FRANCINE ABELES, Kean University, Union, New Jersey, USA
Game theory and politics: a note on C. L. Dodgson

In 1884, C. L. Dodgson wrote The Principles of Parliamentary Representation where he showed, for the first time, that in an election if each of two political parties utilizes a maximin strategy in a two person zero sum game model, the result would be a ``best'' electoral system in the sense of providing the greatest degree of voter representation.

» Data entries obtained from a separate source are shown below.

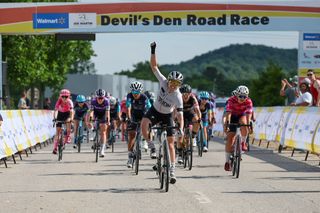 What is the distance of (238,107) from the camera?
675 inches

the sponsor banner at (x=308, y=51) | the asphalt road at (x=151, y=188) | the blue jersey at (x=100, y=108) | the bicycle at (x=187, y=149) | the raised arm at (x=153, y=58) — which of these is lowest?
the asphalt road at (x=151, y=188)

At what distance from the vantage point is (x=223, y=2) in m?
37.2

AMY ACKERBERG-HASTINGS, Iowa State University, Iowa, USA
The semi-secret history of Charles Davies

Charles Davies (1798-1876) and his textbooks invariably show up in discussions touching on mathematics education in the United States in the nineteenth century. Yet, due to the generality, age, or inaccessibility of most of even the relevant secondary sources, many mathematicians and historians have been unable to learn the reasons why Davies exerted such a pervasive influence. Thus, this paper draws upon the first modern biography of Davies to outline his life and career. The paper will also note some of the perennial themes in mathematics education manifested in Davies' textbook series.

CHRISTOPHER BALTUS, State University of New York, Oswego, New York, USA
Gauss's algebraic proof of the fundamental theorem of algebra

Gauss offered a second proof of the Fundamental Theorem of Algebra, some years after his 1799 proof, resting on `purely analytic principles'-we would now call it algebraic-but avoiding the fundamental defect of previous proofs, the `supposition that the function can be resolved into simple factors.' Gauss's argument has been interpreted in a variety of ways, including the claim by Bachmacova (1960) that he created a field of decomposition for the polynomial along lines that Kronecker would later follow. I propose to simply reexamine Gauss's original argument, in its original context.

EDWARD COHEN, University of Ottawa, Ottawa, Ontario
The leap-year problem has not gone away

In Julius Caesar's time (45BCE), it was thought that the length of a year was 365 1/4 days; i.e., Caesar made one leap year every 4 years or 100 years in 400 years. Pope Gregory XIII in 1582 changed that to 97 years in 400 years because the astronomers in his time had a more accurate picture of how long a period it took for the earth to go around the sun. This is more precise; however, in the year 2000CE, the Gregorian calendar overstates the length of the year by approximately 26 seconds. This means that in approximately 1582 + 3330 years, we would have to drop one leap year. Also, the length of the solar year is not a constant. This further complicates the situation. One of the first astronomers to consider the leap-year problem was Simon Newcomb (1835-1909). We try to state the problem as he saw it and consider how it might be solved.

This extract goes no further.